## What to do:
Reproduce the listing word for word. Skip any image.

## Information supplied:
____
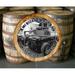 Whiskey Barrel Head American Hot Rod Custom Coupe Wall Art Bar Sign Home decor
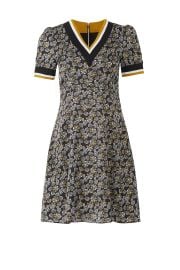 Varsity Trim Floral Dress by Slate Willow at Rent The Runway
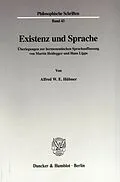 E-Book (pdf) Existenz und Sprache. von Alfred W. E. Hübner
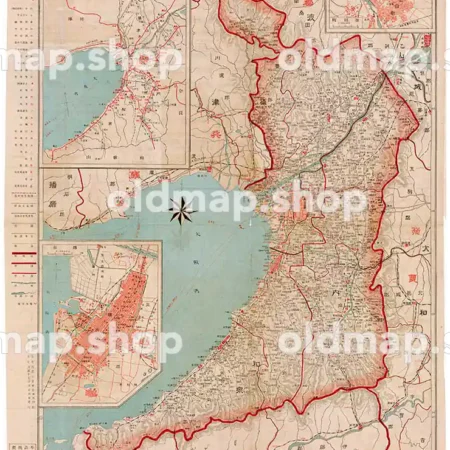 大阪府全図 大正10年(1921) - 金刺分県図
____
## Exercise response:
 Whiskey Barrel Head American Hot Rod Custom Coupe Wall Art Bar Sign Home decor
 Varsity Trim Floral Dress by Slate Willow at Rent The Runway
 E-Book (pdf) Existenz und Sprache. von Alfred W. E. Hübner
 大阪府全図 大正10年(1921) - 金刺分県図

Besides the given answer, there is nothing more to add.